++++ DATA RECORDS

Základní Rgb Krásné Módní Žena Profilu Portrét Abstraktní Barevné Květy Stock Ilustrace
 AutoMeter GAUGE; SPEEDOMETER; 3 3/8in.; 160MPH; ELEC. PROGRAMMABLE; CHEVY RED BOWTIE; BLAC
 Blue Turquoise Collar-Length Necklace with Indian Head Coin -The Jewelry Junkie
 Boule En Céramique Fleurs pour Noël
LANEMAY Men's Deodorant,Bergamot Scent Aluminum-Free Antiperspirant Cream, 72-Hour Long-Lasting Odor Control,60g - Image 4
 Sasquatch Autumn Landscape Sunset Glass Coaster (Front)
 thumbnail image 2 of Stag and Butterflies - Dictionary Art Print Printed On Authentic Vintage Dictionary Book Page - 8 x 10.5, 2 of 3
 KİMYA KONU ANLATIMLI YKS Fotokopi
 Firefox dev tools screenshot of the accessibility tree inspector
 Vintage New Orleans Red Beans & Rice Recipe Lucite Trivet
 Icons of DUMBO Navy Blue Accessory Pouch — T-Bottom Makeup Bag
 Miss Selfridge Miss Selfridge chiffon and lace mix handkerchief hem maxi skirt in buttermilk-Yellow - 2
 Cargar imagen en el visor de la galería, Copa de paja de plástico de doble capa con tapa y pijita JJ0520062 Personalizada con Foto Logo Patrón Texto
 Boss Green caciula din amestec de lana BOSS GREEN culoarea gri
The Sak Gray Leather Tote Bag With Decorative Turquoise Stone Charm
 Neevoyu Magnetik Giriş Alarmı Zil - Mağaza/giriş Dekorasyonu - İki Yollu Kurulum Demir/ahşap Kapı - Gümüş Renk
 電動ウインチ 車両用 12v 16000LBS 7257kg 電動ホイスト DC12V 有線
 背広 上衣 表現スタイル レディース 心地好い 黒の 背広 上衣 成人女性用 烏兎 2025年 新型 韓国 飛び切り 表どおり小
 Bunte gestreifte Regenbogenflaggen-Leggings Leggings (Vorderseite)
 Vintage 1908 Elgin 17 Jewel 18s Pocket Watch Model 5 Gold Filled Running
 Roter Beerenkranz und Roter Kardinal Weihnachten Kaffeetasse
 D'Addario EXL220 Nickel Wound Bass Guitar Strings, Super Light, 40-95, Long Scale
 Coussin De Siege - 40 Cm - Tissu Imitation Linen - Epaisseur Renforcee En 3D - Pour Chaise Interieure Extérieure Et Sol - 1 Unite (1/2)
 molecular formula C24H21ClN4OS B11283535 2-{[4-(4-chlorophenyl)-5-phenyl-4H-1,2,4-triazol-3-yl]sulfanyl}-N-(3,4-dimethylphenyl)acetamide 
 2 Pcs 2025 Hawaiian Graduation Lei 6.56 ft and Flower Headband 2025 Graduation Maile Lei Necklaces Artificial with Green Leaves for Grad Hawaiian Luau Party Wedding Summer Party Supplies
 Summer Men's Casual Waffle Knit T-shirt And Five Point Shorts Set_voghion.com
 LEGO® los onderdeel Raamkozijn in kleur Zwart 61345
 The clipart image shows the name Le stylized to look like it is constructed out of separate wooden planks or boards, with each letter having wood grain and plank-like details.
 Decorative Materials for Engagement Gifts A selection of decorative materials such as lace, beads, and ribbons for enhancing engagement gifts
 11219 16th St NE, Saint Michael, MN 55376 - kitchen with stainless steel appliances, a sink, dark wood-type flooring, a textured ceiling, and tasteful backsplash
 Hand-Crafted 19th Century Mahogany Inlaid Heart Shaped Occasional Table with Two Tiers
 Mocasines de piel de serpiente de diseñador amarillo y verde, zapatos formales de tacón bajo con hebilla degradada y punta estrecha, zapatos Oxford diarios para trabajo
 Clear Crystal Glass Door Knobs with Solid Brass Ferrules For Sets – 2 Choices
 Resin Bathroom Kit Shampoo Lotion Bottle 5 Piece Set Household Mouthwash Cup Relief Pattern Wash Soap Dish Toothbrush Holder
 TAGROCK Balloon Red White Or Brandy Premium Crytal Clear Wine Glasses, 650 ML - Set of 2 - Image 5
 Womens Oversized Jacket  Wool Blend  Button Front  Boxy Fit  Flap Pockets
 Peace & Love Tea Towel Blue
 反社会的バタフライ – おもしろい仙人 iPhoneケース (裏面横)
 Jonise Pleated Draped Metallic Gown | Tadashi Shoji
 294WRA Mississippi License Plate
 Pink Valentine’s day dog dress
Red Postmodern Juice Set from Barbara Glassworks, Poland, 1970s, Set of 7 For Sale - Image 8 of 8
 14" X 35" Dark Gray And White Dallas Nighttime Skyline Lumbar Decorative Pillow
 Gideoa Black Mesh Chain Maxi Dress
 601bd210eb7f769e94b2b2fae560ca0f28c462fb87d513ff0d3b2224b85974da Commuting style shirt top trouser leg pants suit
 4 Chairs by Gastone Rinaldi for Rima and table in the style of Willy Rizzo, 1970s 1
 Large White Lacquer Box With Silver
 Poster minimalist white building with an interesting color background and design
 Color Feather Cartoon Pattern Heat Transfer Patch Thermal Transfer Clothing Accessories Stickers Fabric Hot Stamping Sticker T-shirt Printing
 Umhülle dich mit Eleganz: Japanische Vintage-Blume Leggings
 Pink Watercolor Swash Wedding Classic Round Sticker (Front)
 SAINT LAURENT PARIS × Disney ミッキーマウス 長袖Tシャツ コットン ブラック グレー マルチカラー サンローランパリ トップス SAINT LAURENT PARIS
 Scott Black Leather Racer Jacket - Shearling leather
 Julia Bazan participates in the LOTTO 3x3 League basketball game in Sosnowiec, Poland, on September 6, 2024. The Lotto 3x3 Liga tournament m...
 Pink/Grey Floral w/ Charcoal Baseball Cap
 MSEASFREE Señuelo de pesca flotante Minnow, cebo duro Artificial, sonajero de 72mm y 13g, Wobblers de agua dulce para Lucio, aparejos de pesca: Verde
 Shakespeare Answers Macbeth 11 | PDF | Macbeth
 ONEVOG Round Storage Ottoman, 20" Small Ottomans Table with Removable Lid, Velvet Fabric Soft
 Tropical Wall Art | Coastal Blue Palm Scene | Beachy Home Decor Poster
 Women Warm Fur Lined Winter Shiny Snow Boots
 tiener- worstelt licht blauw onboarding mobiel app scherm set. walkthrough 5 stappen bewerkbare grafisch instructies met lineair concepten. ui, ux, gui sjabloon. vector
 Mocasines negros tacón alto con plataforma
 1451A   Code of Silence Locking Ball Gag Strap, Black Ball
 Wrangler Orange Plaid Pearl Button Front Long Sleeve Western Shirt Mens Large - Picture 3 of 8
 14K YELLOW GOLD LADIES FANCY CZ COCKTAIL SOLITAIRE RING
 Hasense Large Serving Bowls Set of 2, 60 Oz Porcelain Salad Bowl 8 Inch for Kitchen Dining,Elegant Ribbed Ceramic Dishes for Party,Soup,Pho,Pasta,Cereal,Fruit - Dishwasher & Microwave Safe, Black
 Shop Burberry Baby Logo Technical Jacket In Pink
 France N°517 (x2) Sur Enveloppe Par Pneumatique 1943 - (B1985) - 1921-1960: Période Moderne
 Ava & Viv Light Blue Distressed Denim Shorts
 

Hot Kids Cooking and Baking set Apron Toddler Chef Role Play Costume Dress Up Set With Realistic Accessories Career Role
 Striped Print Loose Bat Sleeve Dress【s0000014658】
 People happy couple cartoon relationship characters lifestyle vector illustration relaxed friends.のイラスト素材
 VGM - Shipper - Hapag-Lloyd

++++++++

A verbatim transcription is needed of the lines above, starting at the line with "Resin Bathroom Kit" and ending at the line with "Gideoa Black Mesh Chain Maxi Dress", both included, and of nothing else.

 Resin Bathroom Kit Shampoo Lotion Bottle 5 Piece Set Household Mouthwash Cup Relief Pattern Wash Soap Dish Toothbrush Holder
 TAGROCK Balloon Red White Or Brandy Premium Crytal Clear Wine Glasses, 650 ML - Set of 2 - Image 5
 Womens Oversized Jacket  Wool Blend  Button Front  Boxy Fit  Flap Pockets
 Peace & Love Tea Towel Blue
 反社会的バタフライ – おもしろい仙人 iPhoneケース (裏面横)
 Jonise Pleated Draped Metallic Gown | Tadashi Shoji
 294WRA Mississippi License Plate
 Pink Valentine’s day dog dress
Red Postmodern Juice Set from Barbara Glassworks, Poland, 1970s, Set of 7 For Sale - Image 8 of 8
 14" X 35" Dark Gray And White Dallas Nighttime Skyline Lumbar Decorative Pillow
 Gideoa Black Mesh Chain Maxi Dress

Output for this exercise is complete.